The European Journal of Humour Research

Vol 11, No 2 (2023)

Humor and allusions on screen: looking into translation strategies of The Simpsons

Kateryna Pilyarchuk


Contemporary texts often require a reader or viewer with vast background knowledge. One of the reasons behind this is intertextuality: every text is reliant, to a certain extent, on previous written, filmed, or painted artifacts. Conveying intertextuality by means of another language implies that a translator recognizes allusions and their function, analyses their recognizability in the target culture, and offers a solution that maintains their pragmatic effect. In the case of a multimodal product like an animated cartoon, the translator is also tasked with bringing the verbal channel to conformity with the non-verbal one. This article focuses on translation strategies of allusions to examine whether the distance between the original and target language plays a crucial role in conveying allusive humour.

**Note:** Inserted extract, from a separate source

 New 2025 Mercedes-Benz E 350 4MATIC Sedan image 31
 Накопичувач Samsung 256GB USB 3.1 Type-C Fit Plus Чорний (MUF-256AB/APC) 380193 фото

The research corpus is complete Season 5 of The Simpsons animated sitcom and its three translations: German, Ukrainian, and Russian. Selected scenes are discussed in light of the General Theory of Verbal Humour (Attardo, et al. 2002) and strategies for translating allusions (Leppihalme, 1992). The findings suggest that the distance between languages is not a key factor when searching for effective translation solutions, and that it is a translator’s competence that plays a major role in humour translation.